(Task prompt) Repeat the records exactly, minus the pictures.

[Web page caption snippets]

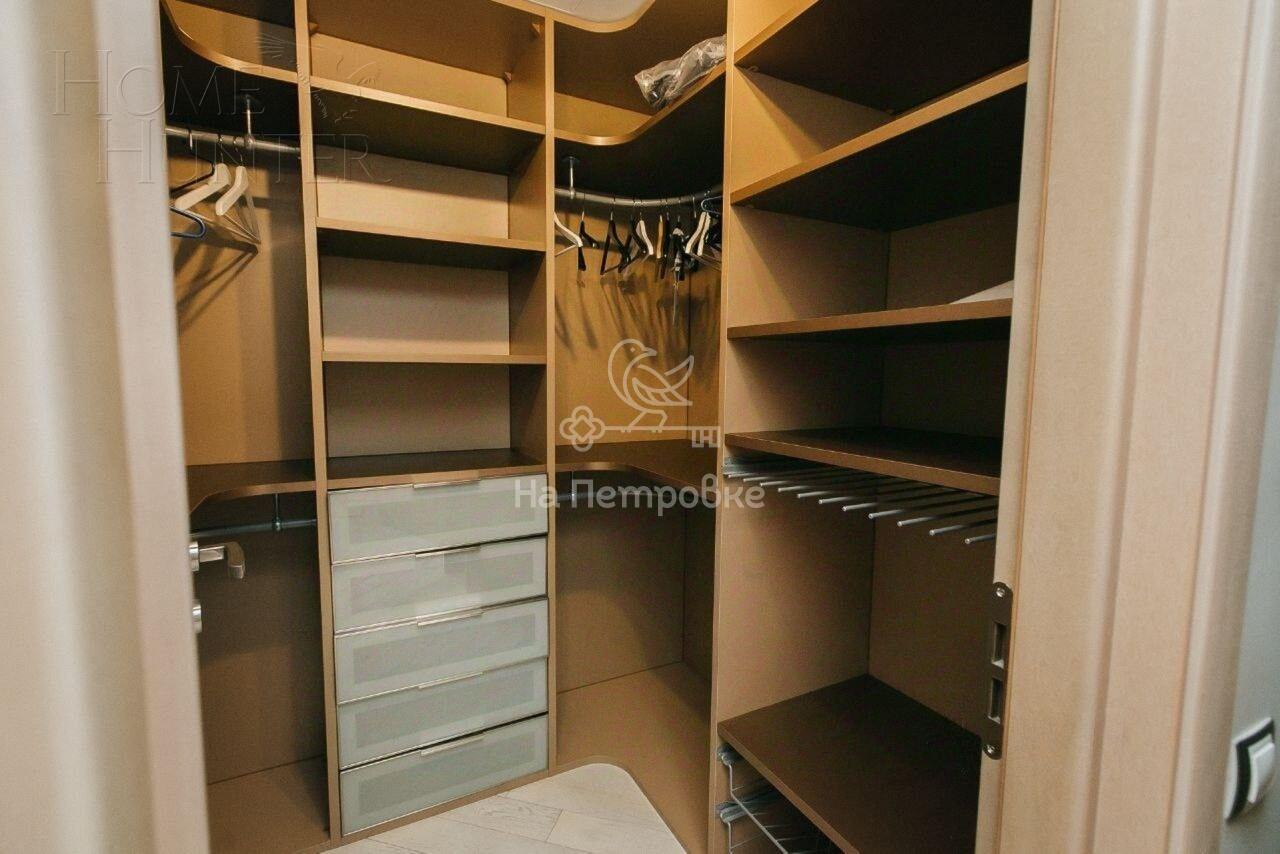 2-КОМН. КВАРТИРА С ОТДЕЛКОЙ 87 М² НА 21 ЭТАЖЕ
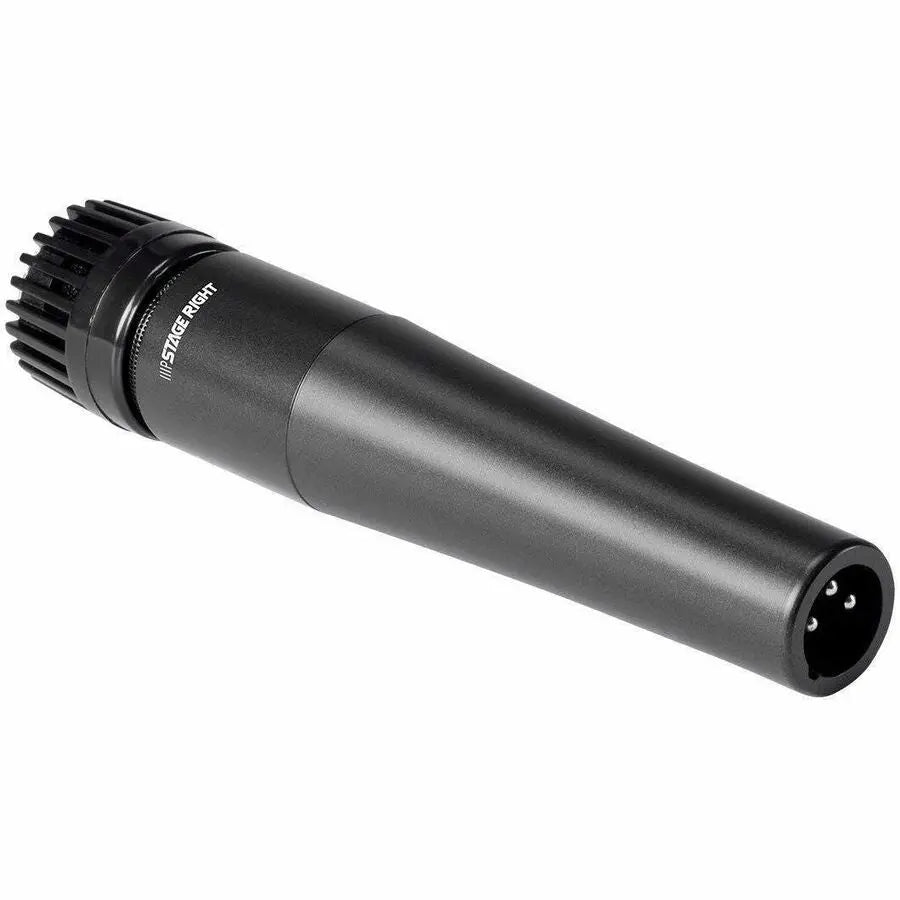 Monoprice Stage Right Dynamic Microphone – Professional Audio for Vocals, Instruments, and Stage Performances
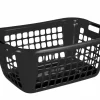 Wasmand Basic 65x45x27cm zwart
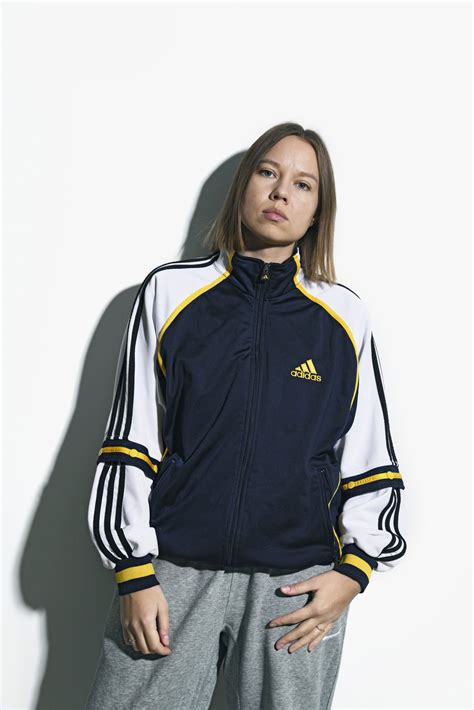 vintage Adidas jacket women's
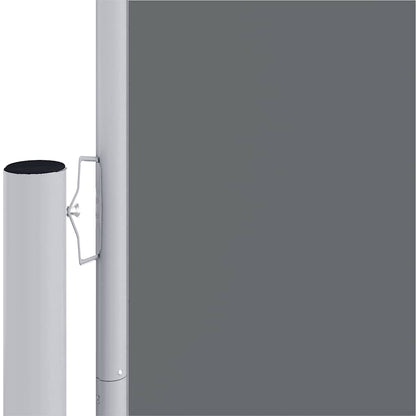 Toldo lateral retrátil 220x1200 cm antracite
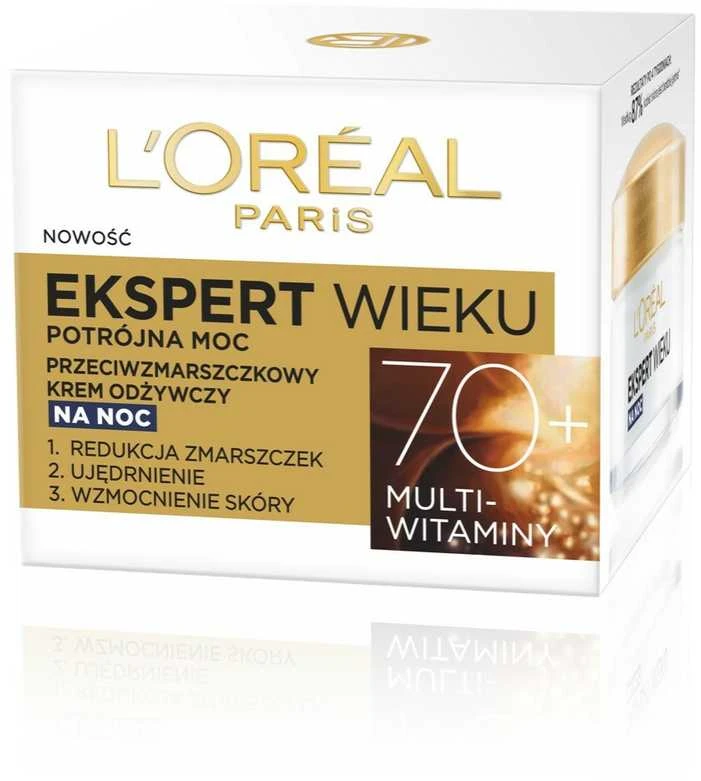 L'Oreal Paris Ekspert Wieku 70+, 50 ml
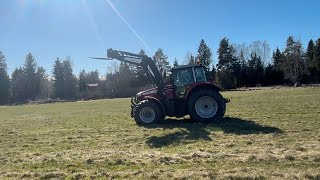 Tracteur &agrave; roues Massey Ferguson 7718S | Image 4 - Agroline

(Solution for this task)
 2-КОМН. КВАРТИРА С ОТДЕЛКОЙ 87 М² НА 21 ЭТАЖЕ
 Monoprice Stage Right Dynamic Microphone – Professional Audio for Vocals, Instruments, and Stage Performances
 Wasmand Basic 65x45x27cm zwart
 vintage Adidas jacket women's
 Toldo lateral retrátil 220x1200 cm antracite
 L'Oreal Paris Ekspert Wieku 70+, 50 ml
 Tracteur &agrave; roues Massey Ferguson 7718S | Image 4 - Agroline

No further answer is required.